Continuing his analysis of the changes in IR theory wrought by the end of the Cold War, Dyson identifies the emergence of a debate over homogenization and difference as a consequence of globalization—a shift mirrored in the Star Trek franchise by a move toward storytelling that began to embrace more shades of grey. Following the twin tracks of the “sameness” theories of Francis Fukuyama and Thomas Friedman and the “difference” theorizing of Samuel Huntington, Dyson provides an overview of how IR theorists responded to the post-Cold War order (pp. 87, 96). Dyson’s explanation of these theories is somewhat shorter than in previous chapters and the contributions of sci-fi to the discussion about IR are limited to showing how Star Trek: The Next Generation and later spinoff Star Trek: Deep Space Nine mimicked the sameness/difference split, rather than how examples from within those shows illustrated specific aspects of those theories, as in previous chapters. However, Dyson does offer some intriguing observations, such as in the case of “the Dark Side of Homogenization” illustrated by the Star Trek: The Next Generation allegory for consumerism and conformity provided by the Borg (p. 93).
Chapter 6, “International Crises in Our World and Other Worlds,” offers a brief meditation on the concept of decision makers as critical components of IR theory. Focusing almost entirely on a comparison between the Cuban Missile Crisis and the Battlestar Galactica episode “33,” Dyson demonstrates, briefly and somewhat belatedly, one of the key advantages of using sci-fi to study IR identified at the beginning of the book: to clarify causal reasoning. Both situations, Dyson argues, show the need for “empathy for the real lived experience of crisis” when assessing decision makers and their actions (p. 114).
Dyson’s final chapter departs somewhat from the epistemological approach of the rest of the book. Turning his attention toward the future of international relations and the potential impact of the digital revolution upon it, Dyson reflects on the moral and ethical dilemmas posed by the development of artificial intelligence and drone warfare. As with the preceding chapter, this discussion is shorter and more meditative than pedagogical. Dyson also departs from the specification of his title by incorporating a wide array of science fiction authors, from Philip K. Dick to Isaac Asimov, to illustrate the dilemmas and quandaries he foresees for twenty-first-century IR. Dyson wisely offers no predictions, but ominously observes how “the sci-fi futures of artificial realities, the surrendering of privacy to electronic surveillance, robots that increasingly look and act like people, and state functions such as war making being fulfilled by drones seem to be close at hand” (p. 130).
Though it closes on a darker note, Otherworldly Politics is undeniably one of the most lively and ebullient books on IR theory on the market today. Its premise—that televised genre fiction can reveal truths about international relations just as easily as it does about character and plot—is well founded and expertly elaborated by Dyson’s spritely prose. As a tool for scholars, its strengths lie mostly in its use as a pedagogical tool for new students struggling to grasp the counterintuitive abstractions and leaden jargon of so much IR writing.

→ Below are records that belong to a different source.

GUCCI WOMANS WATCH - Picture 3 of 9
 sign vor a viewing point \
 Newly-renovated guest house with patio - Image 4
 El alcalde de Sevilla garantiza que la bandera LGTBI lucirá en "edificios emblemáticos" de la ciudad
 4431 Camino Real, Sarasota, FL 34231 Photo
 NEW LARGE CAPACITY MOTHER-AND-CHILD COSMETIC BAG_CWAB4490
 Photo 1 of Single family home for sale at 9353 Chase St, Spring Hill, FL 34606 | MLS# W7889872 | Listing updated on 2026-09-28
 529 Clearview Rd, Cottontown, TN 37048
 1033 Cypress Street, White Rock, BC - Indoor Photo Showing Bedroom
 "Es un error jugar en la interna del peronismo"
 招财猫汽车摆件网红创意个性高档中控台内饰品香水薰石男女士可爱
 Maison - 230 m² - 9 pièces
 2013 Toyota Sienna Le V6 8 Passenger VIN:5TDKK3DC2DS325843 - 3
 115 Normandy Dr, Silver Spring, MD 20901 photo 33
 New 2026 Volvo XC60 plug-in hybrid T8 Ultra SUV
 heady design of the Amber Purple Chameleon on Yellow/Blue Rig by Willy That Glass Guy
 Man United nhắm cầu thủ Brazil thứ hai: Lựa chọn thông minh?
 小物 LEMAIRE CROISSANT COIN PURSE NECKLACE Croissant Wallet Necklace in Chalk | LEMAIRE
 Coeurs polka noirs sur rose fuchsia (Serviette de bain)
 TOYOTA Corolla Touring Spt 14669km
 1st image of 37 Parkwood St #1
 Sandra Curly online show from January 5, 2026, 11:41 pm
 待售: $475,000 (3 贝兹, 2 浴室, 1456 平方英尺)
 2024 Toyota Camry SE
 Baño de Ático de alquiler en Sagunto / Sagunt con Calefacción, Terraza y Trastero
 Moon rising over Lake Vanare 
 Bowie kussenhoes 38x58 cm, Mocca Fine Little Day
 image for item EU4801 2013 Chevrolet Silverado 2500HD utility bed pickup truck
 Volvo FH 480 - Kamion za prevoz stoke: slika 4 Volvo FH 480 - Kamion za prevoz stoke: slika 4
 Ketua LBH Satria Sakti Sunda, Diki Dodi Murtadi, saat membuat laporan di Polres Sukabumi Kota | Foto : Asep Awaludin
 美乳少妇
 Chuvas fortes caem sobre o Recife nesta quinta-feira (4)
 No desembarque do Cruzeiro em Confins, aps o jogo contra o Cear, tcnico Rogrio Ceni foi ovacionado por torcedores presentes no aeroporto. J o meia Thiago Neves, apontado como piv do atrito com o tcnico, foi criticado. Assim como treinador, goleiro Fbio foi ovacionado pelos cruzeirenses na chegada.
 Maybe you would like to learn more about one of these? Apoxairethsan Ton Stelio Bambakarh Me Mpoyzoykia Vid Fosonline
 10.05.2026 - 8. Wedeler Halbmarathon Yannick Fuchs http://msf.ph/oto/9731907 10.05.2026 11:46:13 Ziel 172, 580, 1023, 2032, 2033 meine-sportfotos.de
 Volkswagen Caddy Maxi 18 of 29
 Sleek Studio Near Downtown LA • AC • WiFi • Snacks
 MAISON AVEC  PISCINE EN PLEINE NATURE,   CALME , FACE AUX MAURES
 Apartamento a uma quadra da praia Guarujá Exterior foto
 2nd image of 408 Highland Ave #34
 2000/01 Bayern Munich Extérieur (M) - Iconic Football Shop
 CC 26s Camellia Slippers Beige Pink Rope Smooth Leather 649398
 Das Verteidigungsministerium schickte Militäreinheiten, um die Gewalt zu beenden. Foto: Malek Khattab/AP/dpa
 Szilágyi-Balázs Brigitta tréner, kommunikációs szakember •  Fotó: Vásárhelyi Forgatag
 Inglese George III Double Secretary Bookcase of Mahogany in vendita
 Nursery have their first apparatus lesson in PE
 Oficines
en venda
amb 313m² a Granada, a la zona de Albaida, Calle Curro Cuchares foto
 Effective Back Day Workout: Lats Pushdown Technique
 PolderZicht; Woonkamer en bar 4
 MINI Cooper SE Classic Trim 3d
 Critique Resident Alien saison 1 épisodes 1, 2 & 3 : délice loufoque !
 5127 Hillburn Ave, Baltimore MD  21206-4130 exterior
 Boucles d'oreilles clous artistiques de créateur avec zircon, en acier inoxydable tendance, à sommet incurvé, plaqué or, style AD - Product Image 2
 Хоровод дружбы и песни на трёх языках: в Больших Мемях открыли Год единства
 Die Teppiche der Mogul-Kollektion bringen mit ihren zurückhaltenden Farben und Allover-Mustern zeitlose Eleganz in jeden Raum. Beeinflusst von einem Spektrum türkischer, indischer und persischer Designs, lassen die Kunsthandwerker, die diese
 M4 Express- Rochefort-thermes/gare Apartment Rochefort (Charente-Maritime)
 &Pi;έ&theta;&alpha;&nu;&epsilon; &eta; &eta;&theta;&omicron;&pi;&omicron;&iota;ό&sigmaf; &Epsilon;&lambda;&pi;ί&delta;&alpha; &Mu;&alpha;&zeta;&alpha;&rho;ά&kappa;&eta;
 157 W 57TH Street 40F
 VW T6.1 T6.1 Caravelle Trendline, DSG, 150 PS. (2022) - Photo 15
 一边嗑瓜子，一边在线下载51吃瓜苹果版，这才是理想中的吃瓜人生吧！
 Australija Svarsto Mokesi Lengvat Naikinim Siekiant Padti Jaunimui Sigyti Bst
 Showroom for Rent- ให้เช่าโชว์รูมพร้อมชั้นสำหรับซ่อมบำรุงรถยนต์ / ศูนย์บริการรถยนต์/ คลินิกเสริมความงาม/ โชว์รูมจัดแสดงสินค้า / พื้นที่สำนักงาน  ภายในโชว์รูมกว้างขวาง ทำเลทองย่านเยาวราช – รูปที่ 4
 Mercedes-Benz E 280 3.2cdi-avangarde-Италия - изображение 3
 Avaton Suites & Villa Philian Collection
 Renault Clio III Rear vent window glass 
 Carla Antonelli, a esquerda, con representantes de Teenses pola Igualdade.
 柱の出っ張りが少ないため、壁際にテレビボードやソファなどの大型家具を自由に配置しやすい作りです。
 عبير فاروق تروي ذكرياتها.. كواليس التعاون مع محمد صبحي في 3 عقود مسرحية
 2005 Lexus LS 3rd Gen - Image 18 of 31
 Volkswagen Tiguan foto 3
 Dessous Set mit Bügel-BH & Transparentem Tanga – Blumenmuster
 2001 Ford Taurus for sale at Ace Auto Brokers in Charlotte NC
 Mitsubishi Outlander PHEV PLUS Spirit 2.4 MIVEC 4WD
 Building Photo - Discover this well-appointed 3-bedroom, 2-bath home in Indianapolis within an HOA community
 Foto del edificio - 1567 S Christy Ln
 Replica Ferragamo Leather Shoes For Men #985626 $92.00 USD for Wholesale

However, experts will also find this book a worthwhile read. By changing the framework in which state behavior and human action are analyzed, Dyson participates in the most fundamental of his discipline’s enterprises: to try to make sense of international relations.
Note
[1]. Nicholas J. Kiersey and Iver B. Neumann, eds., “Battlestar Galactica” and International Relations (London: Routledge, 2013); and Daniel H. Nexon and Iver B. Neumann, Harry Potter and International Relations (Lanham, MD: Rowman & Littlefield, 2006). Dyson cites both these works in his bibliography.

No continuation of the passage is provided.